O hall de entrada do National Cowboy and Western Heritage Museum é dominado pela famous 18-feet escultura The end of trail, de James Earle Fraser, representação ambígua da derrota das nações índias e passa-se a uma galeria onde se vende a arte do imaginário cowboy: esculturas de pôr nos móveis ou nos cantos da sala, sempre no mesmo registo minucioso e naturalista e pinturas tal qual que em Portugal já só se vêem em lojas de decoração vocacionadas para ricos recentes. E essa coisa assombrosa que é o cinema como fonte primária da história. Will Rogers, aliás, não deixará de nos acompanhar desde que o encontrámos pela primeira vez, no Mcdonalds de Vinita, até Santa Mónica e San Francisco.
Mas no Art Institute de Chicago a abarrotar de gente vi esse espanto que é o American Gothic – Grant Wood, 1930 -, acolitado por Picasso, Kandinsky, Magrite, Matisse, Warhol, O’Keefe, Pollack e Nauman e, no Getty de LA, vi Defining Modernity: European Drawings, 1800-1900.
O MoCa não me convenceu e o Gehry do Disney e do Millenium Park, continua sem me convencer. A arquitectura há-de ser mais que um revestimento ondulado de escamas de aço polido. O MoMa tem o Starry Night e o Rapaz com Cavalo e Les demoiselles d’Avignon e, naquelas horas de entradas gratuitas, tanta gente por metro quadrado como o nosso Metro em hora de ponta e, ao lado, a pista de gelo que já vimos nos filmes era uma esplanada bem apropriada ao calor de New York. Como é que tudo parece tão grande visto no écran? Como é que o Kodak Theater tem tanto glamour em noite de óscares se o Blvd Hollywood parece a Almirante Reis? Ah!, e o passeio da fama! Quando damos por ele já pisamos, pelo menos, três das nossas actrizes favoritas.
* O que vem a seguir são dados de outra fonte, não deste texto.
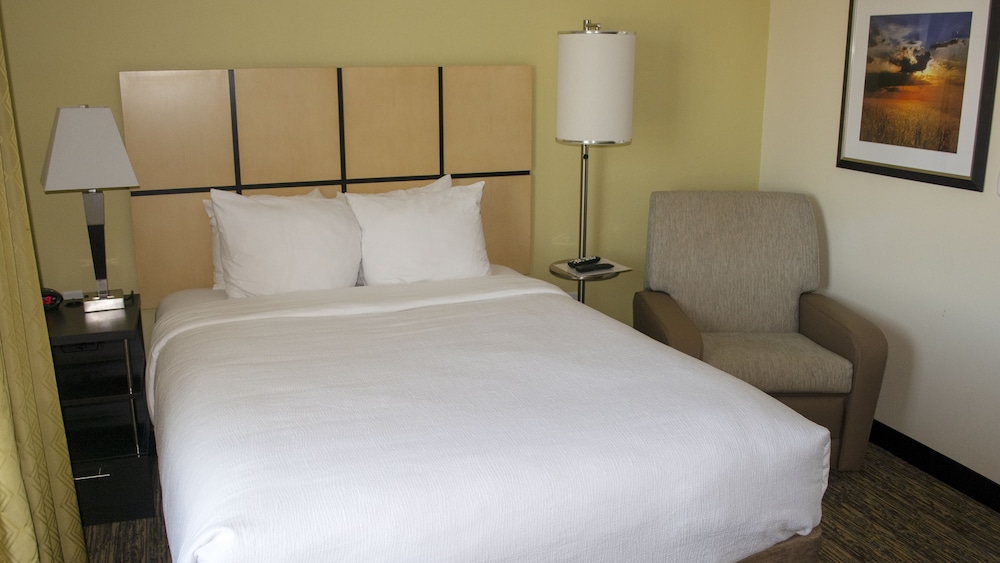 Studio Suite, 1 Queen Bed photo 2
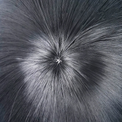 Cosplay Wig - CS 688B-Cosplay Wig-UNIQSO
E já que aqui estamos voltemos aos bifes que também são óptimos no Sladder Saloon em Sunset Plaza, cheio de jovens adultos barulhentos que festejam um aniversário bebendo cerveja numa roda ao balcão, de onde às vezes um sai para testar equilíbrios no touro mecânico.
De sem-abrigos em Hollywood, da imensidão do Novo México e do Arizona, do Grand Canyon, de cidadezinhas de madeira, de camiões e comboios, do parque infantil para adultos conhecido por Las Vegas, de hamburgers, cheeseburgers e cheesecakes, de fat boys, de Times Square e Rodeo Dr, da simpatia e curiosidade dos americanos e do mais que a lembrança o permitir, falaremos noutra altura.